* **Available records**:
┌──

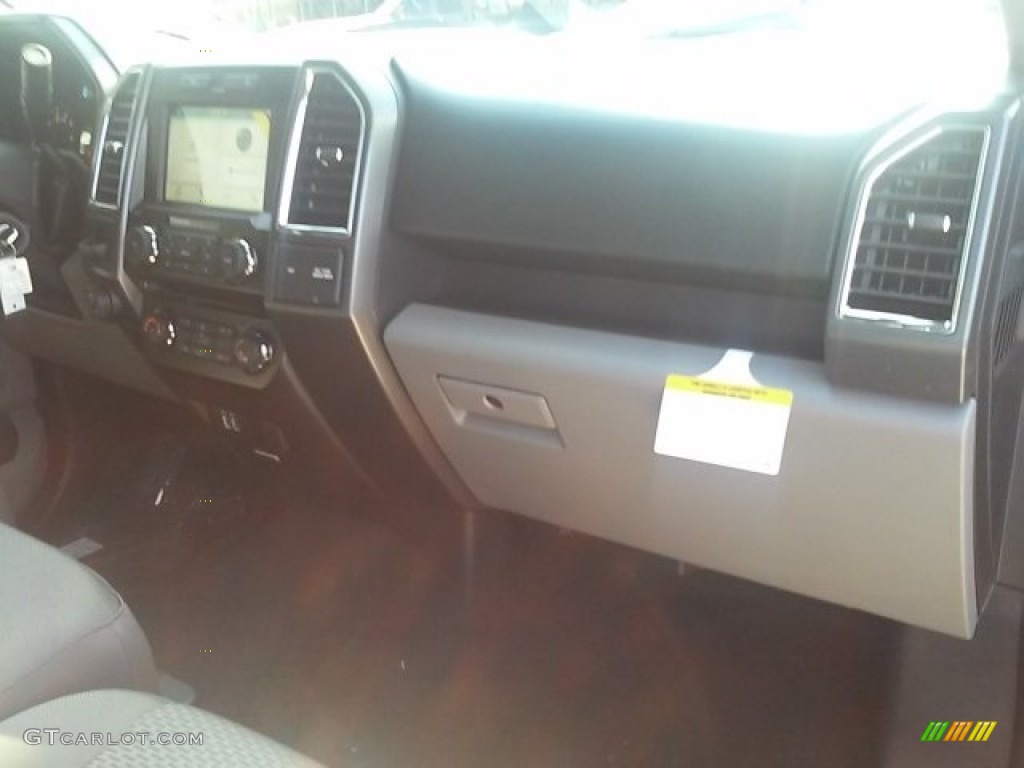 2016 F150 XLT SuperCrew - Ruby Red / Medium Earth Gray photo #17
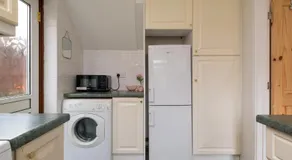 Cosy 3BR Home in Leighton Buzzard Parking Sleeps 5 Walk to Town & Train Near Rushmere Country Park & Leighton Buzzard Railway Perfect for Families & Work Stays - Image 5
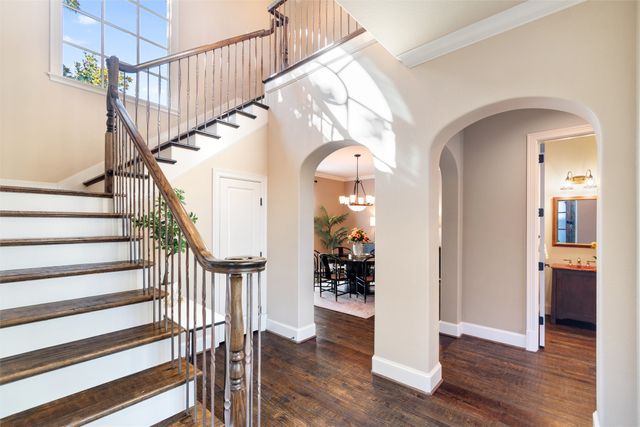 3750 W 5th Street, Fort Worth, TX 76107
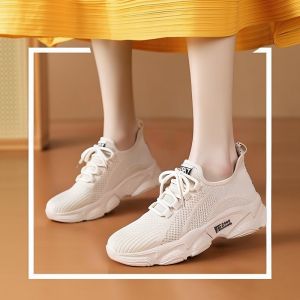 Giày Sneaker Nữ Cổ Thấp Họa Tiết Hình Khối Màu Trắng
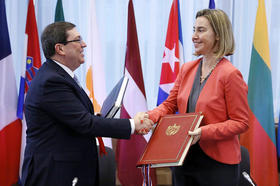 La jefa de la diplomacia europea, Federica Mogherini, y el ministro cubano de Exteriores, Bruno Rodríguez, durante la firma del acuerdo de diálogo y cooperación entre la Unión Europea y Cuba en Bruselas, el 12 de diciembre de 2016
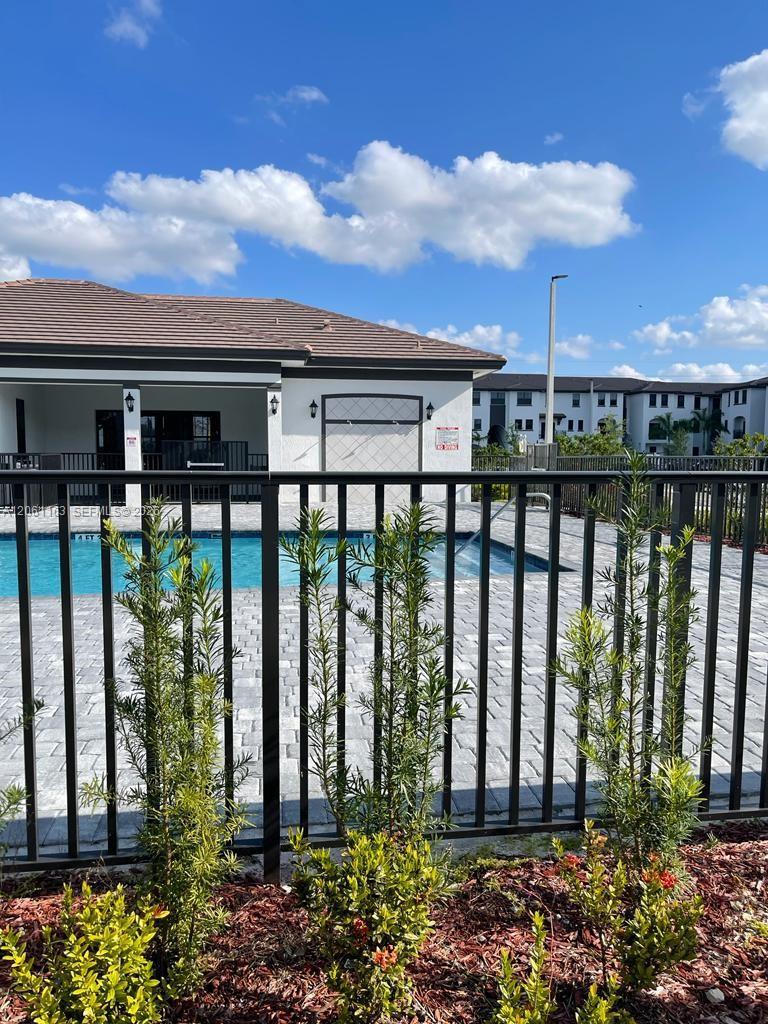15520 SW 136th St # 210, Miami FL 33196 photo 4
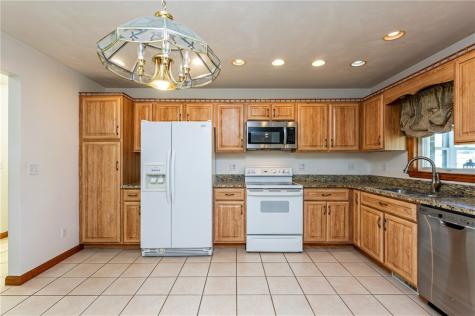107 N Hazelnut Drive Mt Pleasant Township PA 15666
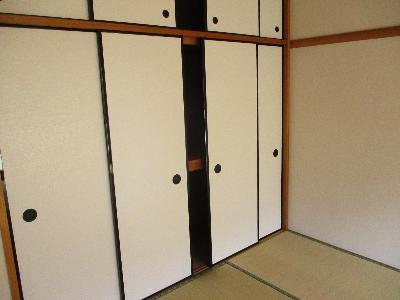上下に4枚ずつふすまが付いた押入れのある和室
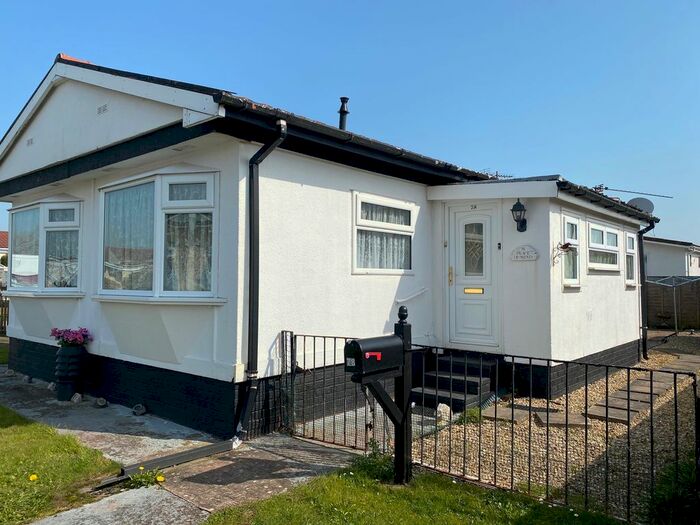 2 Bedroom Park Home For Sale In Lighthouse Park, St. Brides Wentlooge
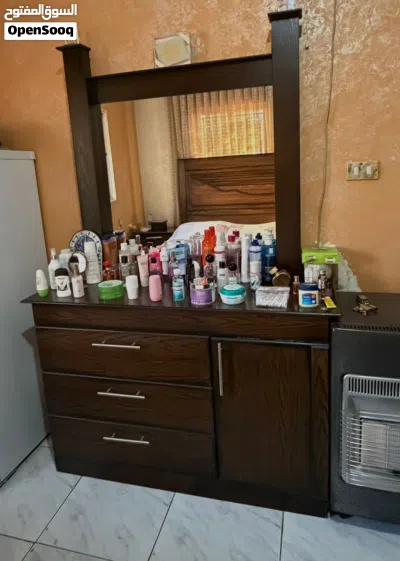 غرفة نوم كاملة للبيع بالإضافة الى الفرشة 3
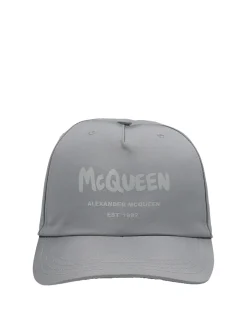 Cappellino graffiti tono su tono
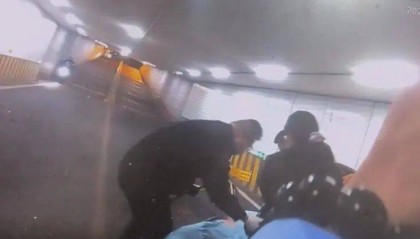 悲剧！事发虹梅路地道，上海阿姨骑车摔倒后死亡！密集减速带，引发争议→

└──
┌──

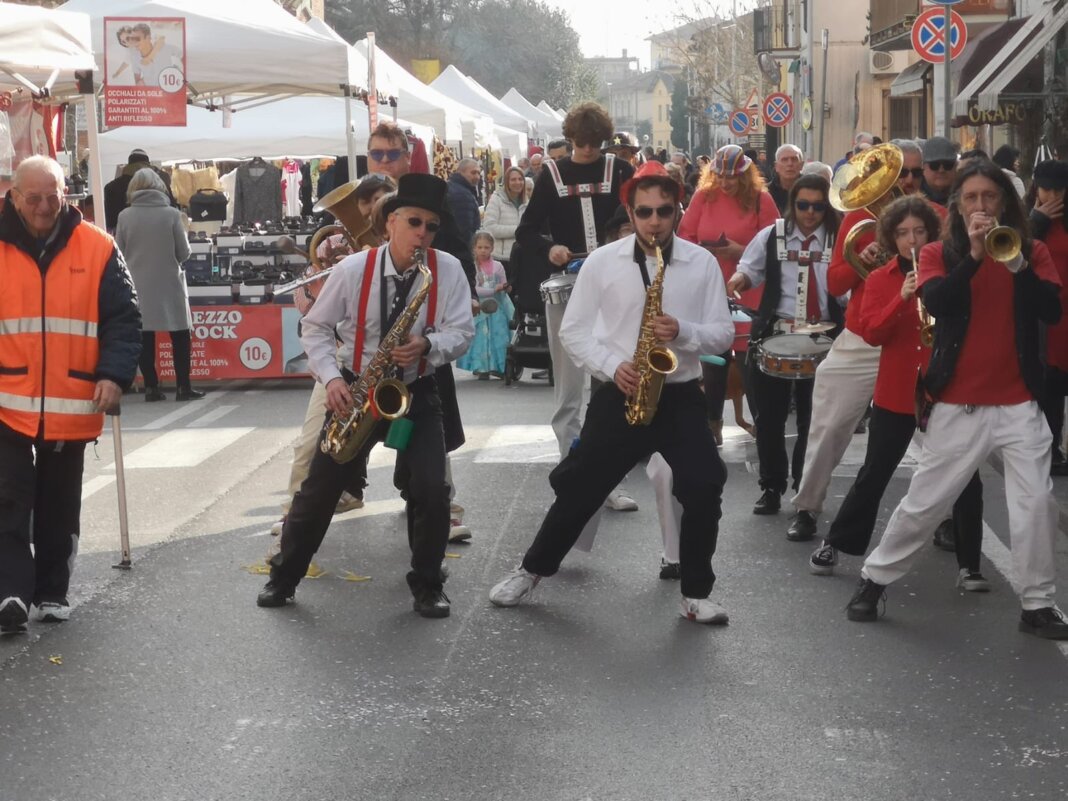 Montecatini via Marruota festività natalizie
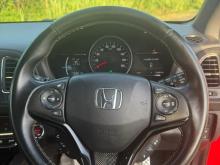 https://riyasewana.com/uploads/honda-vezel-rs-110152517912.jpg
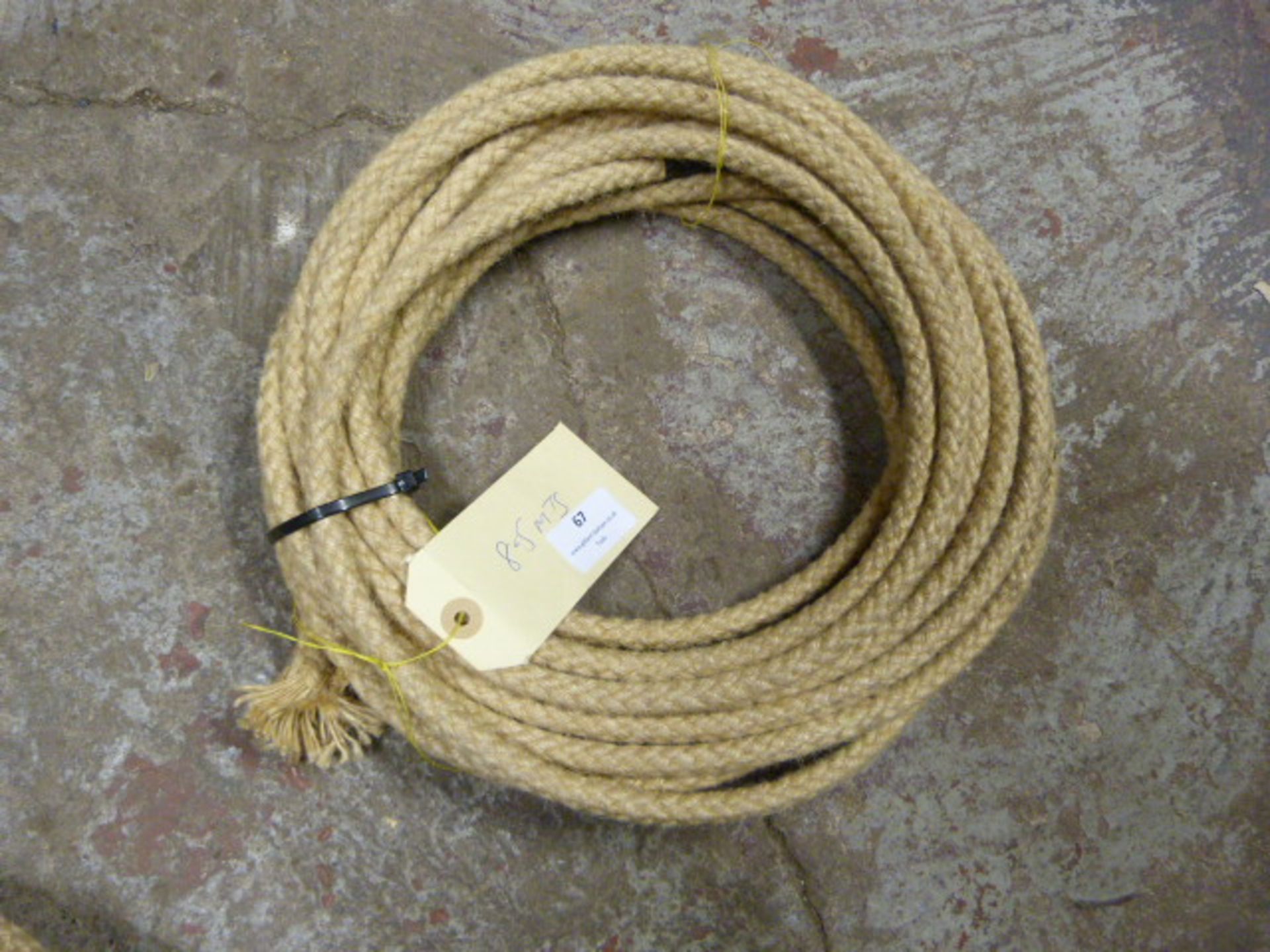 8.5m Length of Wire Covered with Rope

└──

* **Assignment**: Output exactly the lines above, beginning at the one with "Giày Sneaker Nữ" and stopping after the one with "2 Bedroom Park". Pictures are to be omitted.

* **Output**:
 Giày Sneaker Nữ Cổ Thấp Họa Tiết Hình Khối Màu Trắng
 La jefa de la diplomacia europea, Federica Mogherini, y el ministro cubano de Exteriores, Bruno Rodríguez, durante la firma del acuerdo de diálogo y cooperación entre la Unión Europea y Cuba en Bruselas, el 12 de diciembre de 2016
15520 SW 136th St # 210, Miami FL 33196 photo 4
107 N Hazelnut Drive Mt Pleasant Township PA 15666
上下に4枚ずつふすまが付いた押入れのある和室
 2 Bedroom Park Home For Sale In Lighthouse Park, St. Brides Wentlooge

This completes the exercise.